What is being asked:
An exact copy of every record is required.

Study material:
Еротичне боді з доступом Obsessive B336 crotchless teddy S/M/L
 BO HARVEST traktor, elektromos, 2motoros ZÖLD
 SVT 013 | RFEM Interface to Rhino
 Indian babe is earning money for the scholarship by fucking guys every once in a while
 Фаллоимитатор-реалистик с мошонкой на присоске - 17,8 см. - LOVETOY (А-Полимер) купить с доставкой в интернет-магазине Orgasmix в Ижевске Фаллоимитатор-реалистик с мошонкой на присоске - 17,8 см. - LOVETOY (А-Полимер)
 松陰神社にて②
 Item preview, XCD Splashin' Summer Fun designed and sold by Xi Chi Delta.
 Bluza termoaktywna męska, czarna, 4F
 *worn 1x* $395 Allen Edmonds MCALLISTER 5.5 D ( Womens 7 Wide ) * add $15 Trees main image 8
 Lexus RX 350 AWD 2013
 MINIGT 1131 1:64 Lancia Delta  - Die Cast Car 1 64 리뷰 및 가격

Task solution:
Еротичне боді з доступом Obsessive B336 crotchless teddy S/M/L
 BO HARVEST traktor, elektromos, 2motoros ZÖLD
 SVT 013 | RFEM Interface to Rhino
 Indian babe is earning money for the scholarship by fucking guys every once in a while
 Фаллоимитатор-реалистик с мошонкой на присоске - 17,8 см. - LOVETOY (А-Полимер) купить с доставкой в интернет-магазине Orgasmix в Ижевске Фаллоимитатор-реалистик с мошонкой на присоске - 17,8 см. - LOVETOY (А-Полимер)
 松陰神社にて②
 Item preview, XCD Splashin' Summer Fun designed and sold by Xi Chi Delta.
 Bluza termoaktywna męska, czarna, 4F
 *worn 1x* $395 Allen Edmonds MCALLISTER 5.5 D ( Womens 7 Wide ) * add $15 Trees main image 8
 Lexus RX 350 AWD 2013
 MINIGT 1131 1:64 Lancia Delta  - Die Cast Car 1 64 리뷰 및 가격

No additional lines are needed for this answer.